Our house is within the embrace of the Workers’ Party
We are all brothers and sisters
Even if a sea of fire comes towards us, sweet children do not need to be afraid,
Our Father is here
We have nothing to envy in this world…”
Nothing to envy is the title of the book, you might have noticed, friends.

To go through a most traumatic time just to survive and still be grateful to those responsible for it all, that should have been a truly horrific experience.

It is possible that Demick exaggerates a bit, vilifies a little and can’t see beyond a western perspective, wherein being political freedom could override everything else. But most accounts agree on most essentials.

"North Korea is not irrational, and nothing shows this better than its continuing survival against all odds. A living political fossil, it clings to existence in the face of limited resources and a zombie economy, manipulating great powers despite its weakness. Its leaders are not ideological zealots or madmen, but perhaps the best practitioners of Machiavellian politics that can be found in the modern world. Even though they preside over a failed state, they have successfully used diplomacy-including nuclear threats-to extract support from other nations."
(Andrei Lankov: The Real North Korea: Life and Politics in the Failed Stalinist Utopia, published in December last.)

According to the Ploughshares Fund World Nuclear Stockpile Report, North Korea possesses less than 10 nuclear weapons of the 16,300 worldwide that are predominantly held by Russia and the United States. That might sound a bit reassuring, but remember the country invests approximately $8.7 billion -- significantly higher than the $570 million Pyongyang claims -- or one-third of its GDP in the military, perhaps the highest in the entire world.

This year marks the 70th anniversary of the division of Korea by the United States and the former Soviet Union. Still both the Koreas are in a permanent state of war, the North a lot more so, the South living under the protective umbrella of Uncle Sam anyway.
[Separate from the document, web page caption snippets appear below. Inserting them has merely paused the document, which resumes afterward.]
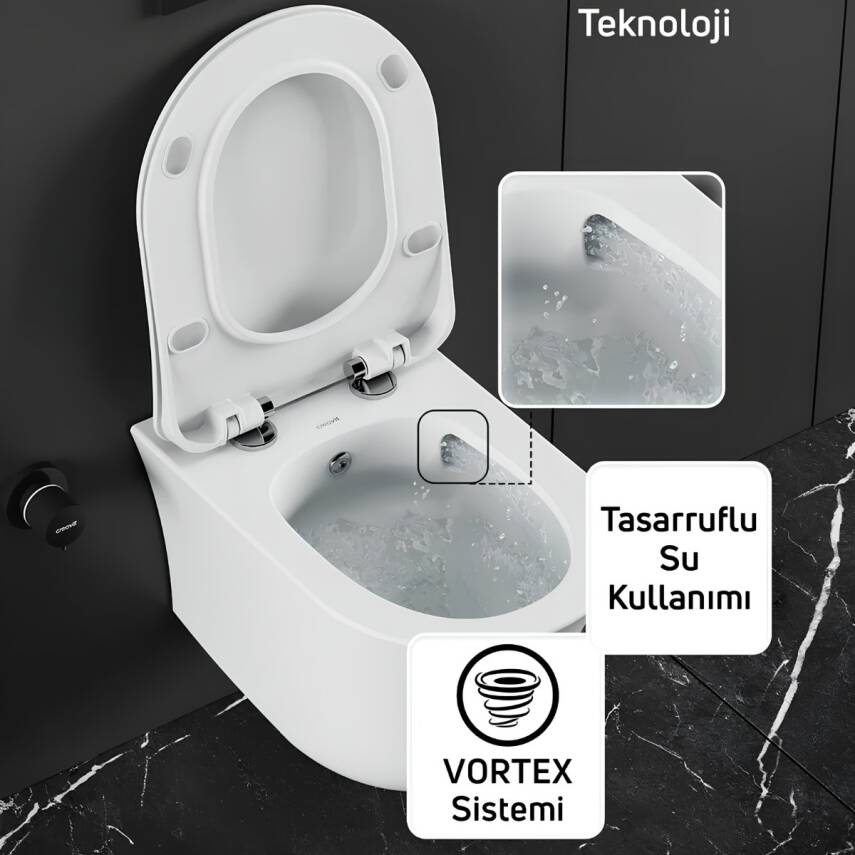 Creavit Nora Vortex Beyaz Asma Klozet NO323, Creavit Nora Duck Duroplast Yavaş Kapak - 3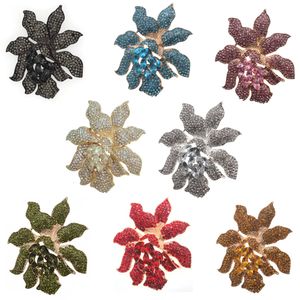 30 Pcs/Lot Custom Women Pins Fashion Jewelry Crystal Rhinestone Orchid Flower Shape Brooch For Lady Decoration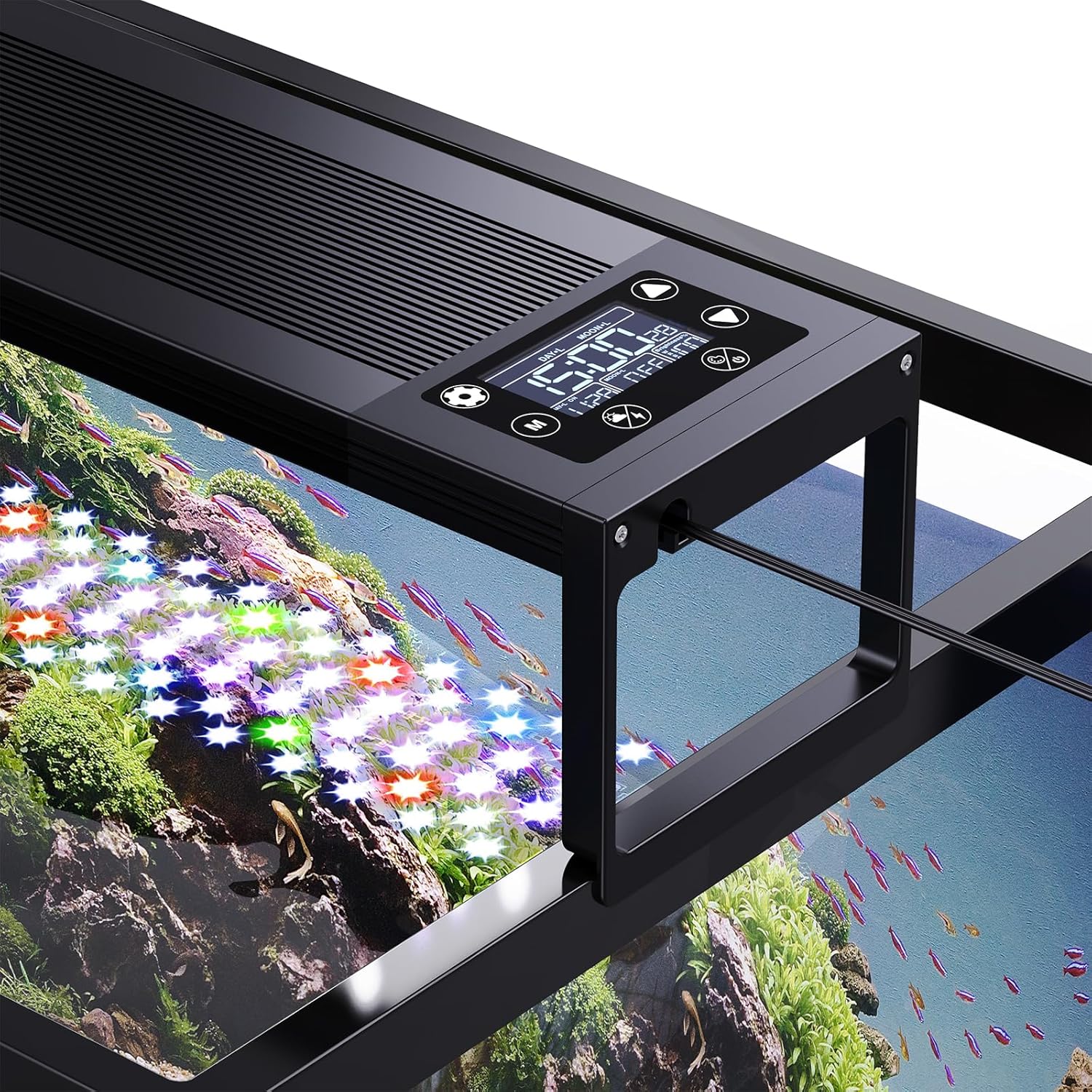 SEAOURA 24/7 LED Aquarium Light for 48-54 Inch Fish Tank, Fish Tank Light for Plants, Auto On Off with Timer, 9 Colors, Adjustable Brightness, Daylight & Moonlight, DIY and Nature Weather Mode, 84W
The latter’s progress to democracy has not been all that smooth, still life is a lot more relaxed over there, in any case they are a lot more prosperous, notwithstanding the inequalities typical of a capitalist economy.

The latest documentary on North Korea, http://www.dw.de/between-personality-cult-and-bumper-car-in-kim-jong-uns-north-korea/a-18269088, should give you some idea of life there now.
By this blog I just wanted to stress that such a virtually barbaric system has not received any strong condemnation from Marxists elsewhere, and that speaks volumes of their concerns.